It is vital to get as much benefit as possible out of each coaching session. To assess performance levels and improvement, it’s necessary to observe your squad playing both as a team and individually, noting technical expertise and tactical skills. To ensure you get the full benefit out of observing your players, follow the four tips listed below.
Know what to watch out for
If you’re out on the practice pitch, unsure what to focus on or the session is not going how you anticipated, then almost certainly you need to work on your pre training planning. The coaching session should be well prepared, organized and comprehensive, covering all the essential training objectives. Use these key training objectives as the starting point for your observations.
Don’t attempt to watch the whole pitch
If you’re watching all the players intently, both on and off the ball, you’ll undoubtedly see many minor errors. These need to be rectified, however, it’s important to stay focused on the aims of this particular coaching session and keep to the key training objectives associated with it. In essence, errors need corrected but don’t get sidetracked from the main purpose of the session.
Ensure useful feedback
This is possibly the most crucial aspect in any method of soccer training and development. Once it has been established that errors have been made or training objectives have not been followed, you need to consider the best way of getting this across to the players or player concerned.
In this situation, it’s tempting to halt play and then re-create the action. This however, is frustrating to other players within the team, particularly if they are not involved or have just taken possession of the ball. Therefore, any stoppages you make should be suitably timed and appropriate. To do this you need to consider the best coaching method for the situation.
Sometimes allowing play to carry on will be the most suitable option. Take one player off the pitch for sideline coaching, before putting him back into the game. Other times it will be necessary to halt the action and re-create what has just happened. When this occurs, always halt the play immediately and reproduce the play exactly as it happened, as accurately as possible.
Reinforce your coaching point and ask questions about the scenario so the players gain an understanding of the point you are trying to get across. Don’t spend longer than necessary on this and get the session started again as quickly as possible.
Technical and skill analysis
Be aware of the differences between skill and technique. A technique is regarded as the ability to perform a specific action with the ball, away from match conditions and free from any pressure. A skill is having the judgement of when and where to use the technique during a game and performing it whilst under match pressure.

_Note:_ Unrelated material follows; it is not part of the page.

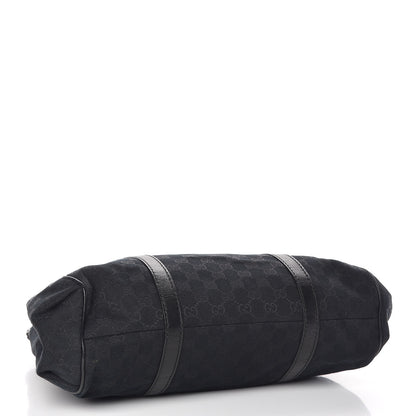 Gucci Monogram Web Large New Ladies Hobo Black 4 of 10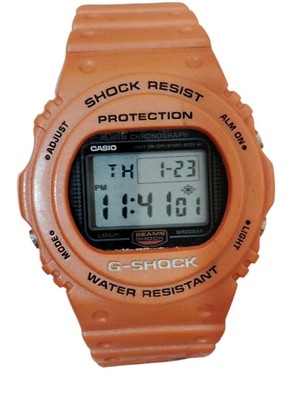 Limited Edition G-Shock Dw-5700Be Beams Model Orange Collaboration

If you wish to practice technique in your training session, players need to have ball possession and if it’s skill you’re honing, your squad need a purpose and an opposition.
Excellent observation is a vital skill for successful coaching. Just as your soccer squad must show ability and skill for the training exercises and games, you must be able to demonstrate excellent observation skills. Keep the four points listed above in mind whilst coaching your players.